The first occurs when a PWC collides with another vessel, pier, riverbank, or bridge while driving on the water surface. This type of PWC accident frequently happens when the driver is following the local practice of overtaking another boat without signaling.
The second type of PWC accident happens when a boat collides with a PWC while docking or docking into a mooring. This involves missing the mooring, hitting the dock, or colliding with other boats moored at the same place. You should equip yourself with lifejackets and know how to use them. Again, it is helpful to find out where you can rent them and if they are free of charge.

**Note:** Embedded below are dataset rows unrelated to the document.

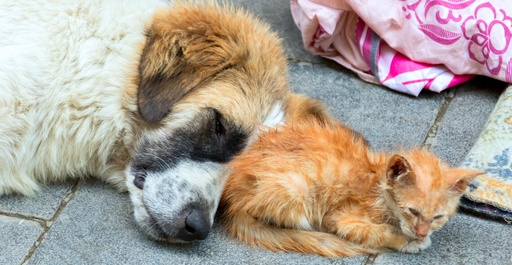 Stray and Feral Welfare Management Certification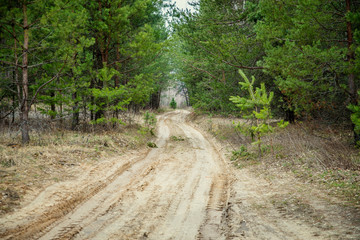 Fototapeta na wymiar sandy road in forest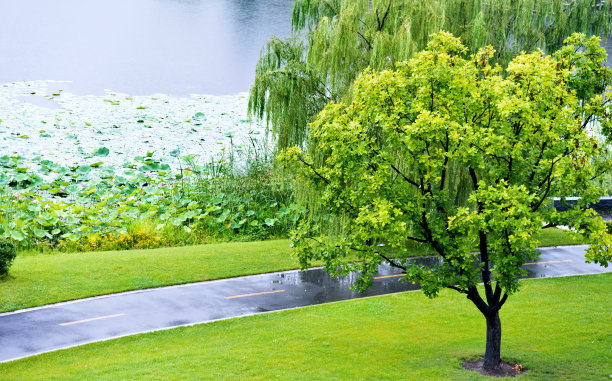 雨后荷花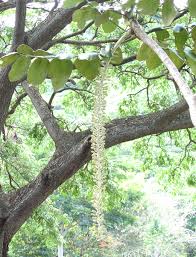 Image result for Polyscias kivuensis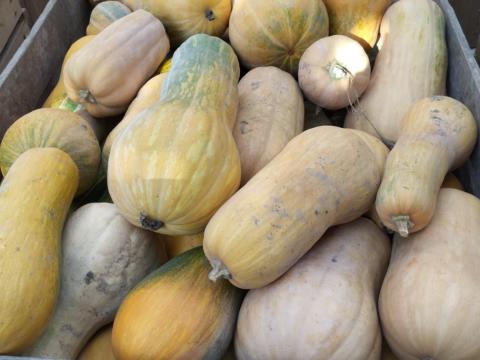 6 mázsa takarmány Beja sütőtök eladó 30 Ft/kg áron 6 mázsa takarmány Beja sütőtök eladó 30 Ft/kg áron
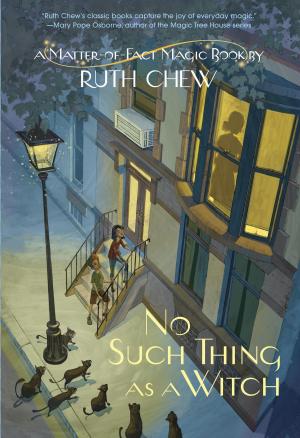 Cover of the book A Matter-of-Fact Magic Book: No Such Thing as a Witch by Annie Silvestro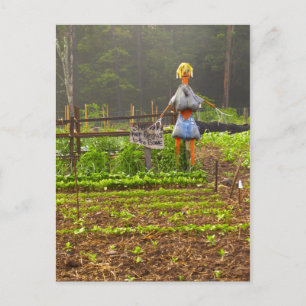 Pick Your Own Melons Postcard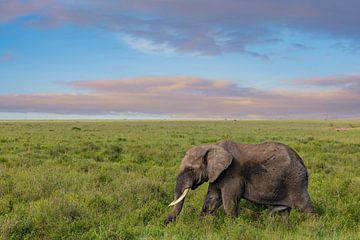 Afrikanischer Elefant von Tilo Grellmann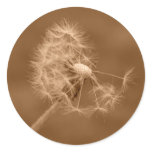 Sepia Dandelion Sticker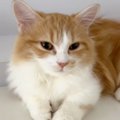 目を覚ました猫に『ごはん食べよう』と声をかけたら…たまらなく愛おしい『…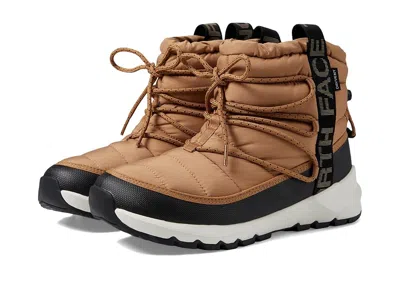 The North Face Thermoballtm Lace Up Wp In Brown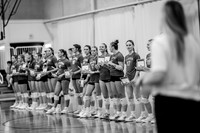 VB vs CSS-6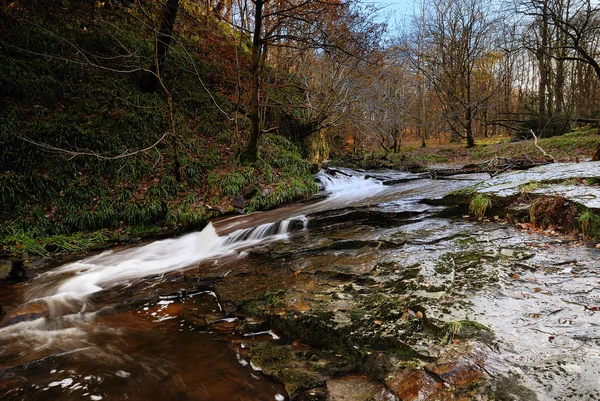 Un arroyo de invierno - Inglaterra —  Fotos de Stock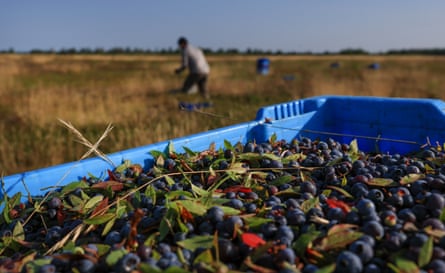 Differential focus image of a box of freshly picked blueberries in the foreground and farmers toiling in the background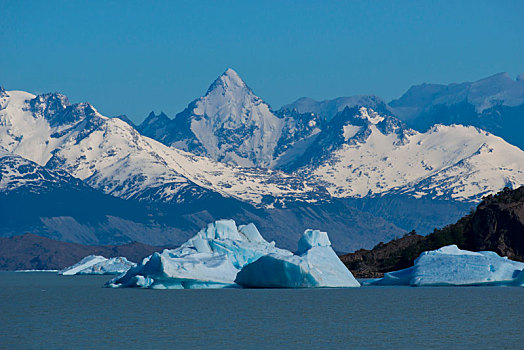 冰山,漂浮,阿根廷湖
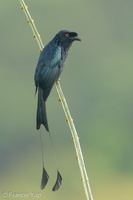 Greater Racket-tailed Drongo-200911-117MSDCF-FYP05298-W.jpg (4575 visits) Greater Racket-tailed Drongo at Jelutong Tower Greater Racket-tailed Drongo-200911-117MSDCF-FYP05298-W.jpg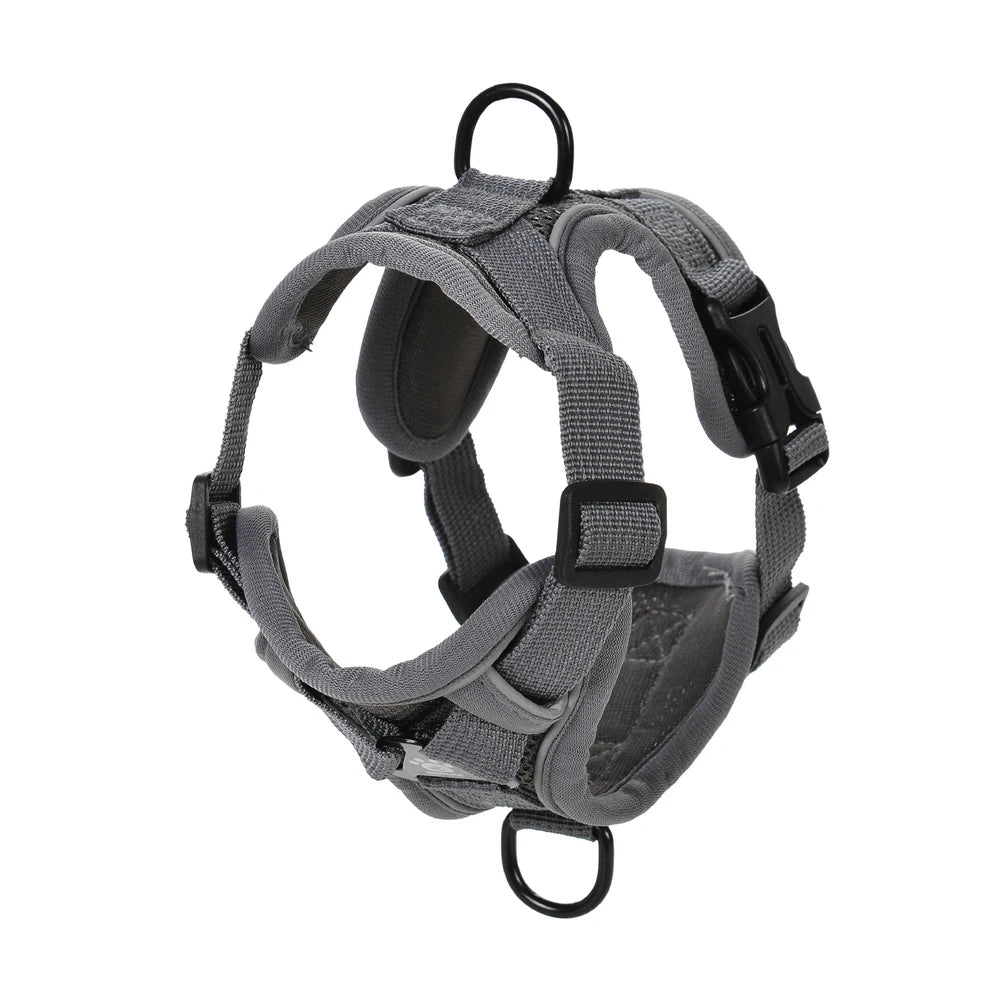 Pet Harness and Leash Set Reflective Walking Puppy Vest Chest Strap For Small Dogs Cats Breathable Outdoor Harnesses With D-Ring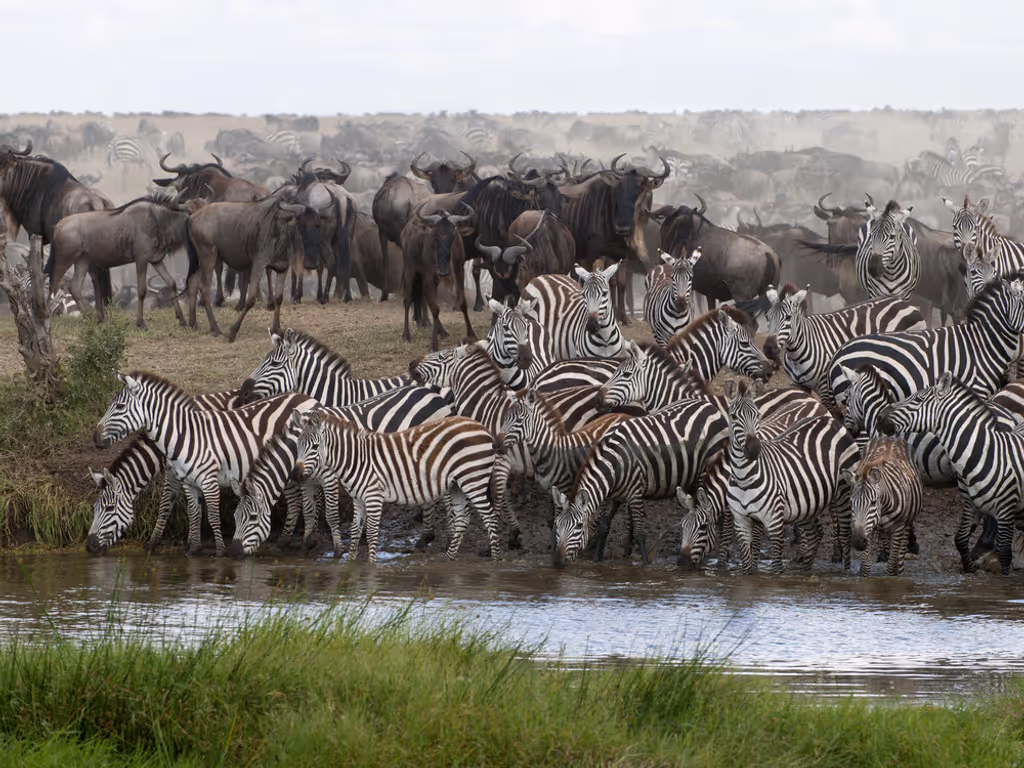 Arusha Private Tour - 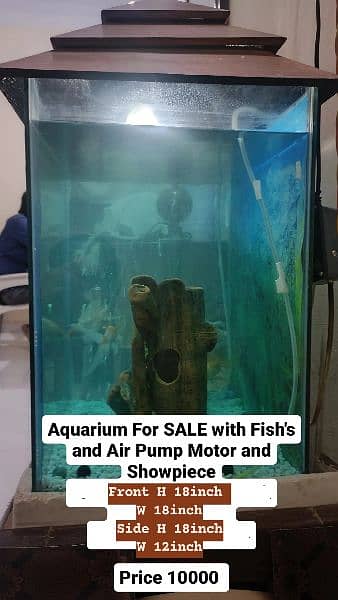 Aquarium for sale with Table 0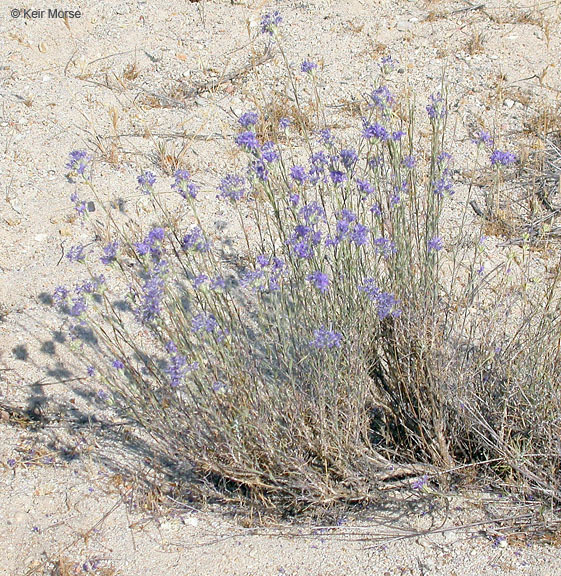 Image of <i>Eriastrum densifolium</i> ssp. <i>elongatum</i>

How to Avoid PWC Accidents
Here are some things you can do to prevent accidents from happening in the first place because it is always easier to deal with the prevention of an accident than the aftermath.
- You need to understand that your PWC works and functions. Understanding how to operate PWC before heading out in the water can help you control it in difficult situations.
- If you are a beginner and do not have prior experience in steering a boat, selecting the appropriate PWC model is very important. For starters, you need something that is easy to handle and is equipped with smooth reverse and brake systems.
- Service your PWC regularly to ensure it is functioning correctly and is maintained all the time.
- Your life jacket is the most crucial piece of safety equipment. Every time you leave for the water, make sure your passengers are wearing it.
- To keep everyone safe and within the law, make sure that everyone on the trip has the necessary safety gear and accessories mentioned above, in addition to life jackets.
- Similar to car crashes, many PWC incidents may have been prevented entirely if those at fault had not been intoxicated. When going out on the water, abstain from drinking or doing drugs.
- The PWCs being produced now are pretty speedy. Play it safe and slow down because speeding is a factor in many boating accidents.
- Even if speeding is terrible enough, performing stunts carelessly while riding is a severe risk. If you want to be safe, skip the wave jumping and make sure of any recklessness.
- Make it a practice to check the weather forecast before leaving, and ensure you have plenty of time to get back to the land before sunset.
- If you intend to pull someone behind your PWC, ensure you have all the necessary gear and accessories, know all safety precautions, and are ready.
- You risk harm driving too close to the shore, another vessel, or sharks. It’s essential to keep a safe distance at all times and to be aware of your surroundings.
- While it is hard to prevent accidents from happening to everyone all the time, your watercraft must be insured in case one does occur.
Carefully follow the proper safety precautions before you or your loved ones get in the water. Take the time to review important safety information that can help prevent water accidents.